A leak inquiry has been launched amid a furious Whitehall briefing war over bizarre proposals for dealing with asylum seekers and illegal migrants.
A string of leaked documents has revealed outlandish ideas for “offshoring” the problem by housing asylum seekers in centres on Ascension or St Helena in the south Atlantic, in Papua New Guinea, on ferries, disused oil rigs or a Scottish island, or even stopping migrant boats by creating artificial waves or barriers in the English Channel.
Downing Street has done nothing to stop speculation about possible policies, saying only that the Government is looking to reform its policies to deal with “abuse of the system and the criminality associated with it” and is looking at ideas tried in “a host of countries” around the world.
But there are suspicions behind the scenes in government that the appearance of a series of stories in quick succession is designed to undermine home secretary Priti Patel.
Some insiders are pointing the finger of blame at Boris Johnson’s top adviser Dominic Cummings.
One Whitehall source speaking to the Politico Playbook suggested that the source may be officials disgruntled with the Johnson administration and fearful of the “hard rain” shake-up of the civil service which Cummings has threatened.
“There is a rotten core of civil servants who have never gotten over Brexit and fear the hard rain that is coming,” said the anonymous source. “They're the enemy within and will be rooted out.”
Another government source told The Times that many of the most controversial ideas were being driven by Mr Cummings.
“Priti is being used as a punchbag,” the source said. “She’s being caught in the crossfire. A lot of this stuff is coming from No 10 but people are too scared to say it. People are so afraid of crossing Dom that they are pinning it on other departments.”
The Home Secretary was said to be “furious” that she was being identified as the driving force behind ideas like farming out the job of processing asylum seekers to countries thousands of miles from Britain like Moldova in eastern Europe, Morocco or Papua New Guinea.
An ally was reported by MailOnline as saying: “People are having a bit of a free-for-all. There is a lot of briefing from the Cabinet Office.”
But a Cabinet Office source tried to pin responsibility on Patel, telling Politico: “Do you really think the Cabinet Office is spending its time working out how to pump waves across the Channel to France? This nonsense is coming from brain-dead morons in the Home Office.”

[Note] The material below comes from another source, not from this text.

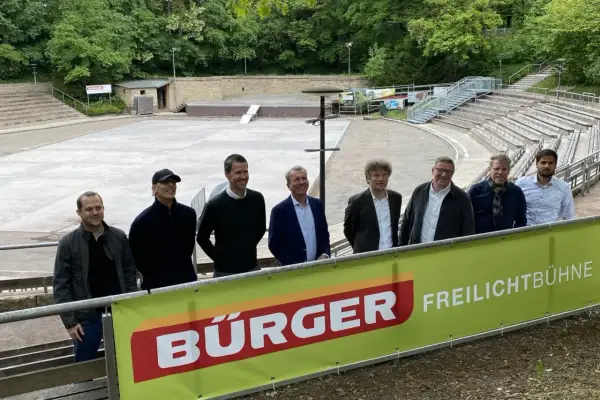 Sieben Männer stehen vor einer Freilichtbühne am Killesberg. Die Banner deuten auf bevorstehende Killesberg Veranstaltungen heute.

Some of the proposals - such as a wave machine to wash small boats back to France - are understood to have been “blue sky” ideas knocked around in brainstorming sessions but quickly dismissed as impractical.
And Ms Patel is believed to have accepted that the idea of shipping migrants 4,000 miles to share tiny Ascension Island with an RAF base and a space rocket-tracking station was too expensive and too difficult.

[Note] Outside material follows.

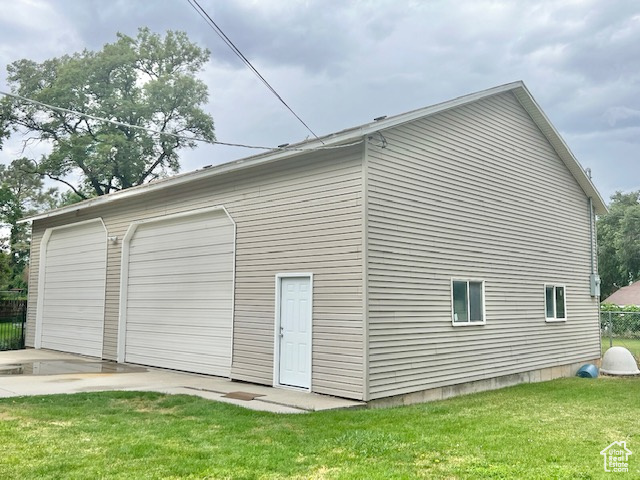 View of property exterior featuring a yard and a garage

Mr Johnson’s official spokesman said he “did not recognise” some of the ideas leaking into the public domain, but refused to discuss which ones were still under consideration.
However, the home secretary’s top civil servant Philip Rycroft told a Commons committee the offshoring plans were still at an early stage and “everything is on the table”.
Mr Rycroft confirmed that a leak inquiry had been launched by the Cabinet Office, indicating that it would take into account the timing of the leaks and the question of whether they were politically motivated.
There are suspicions in Westminster that the flurry of leaks of improbable ideas was designed to discredit more likely schemes, like hostels for migrants on the Isle of Wight, Isle of Man or Shetland Islands.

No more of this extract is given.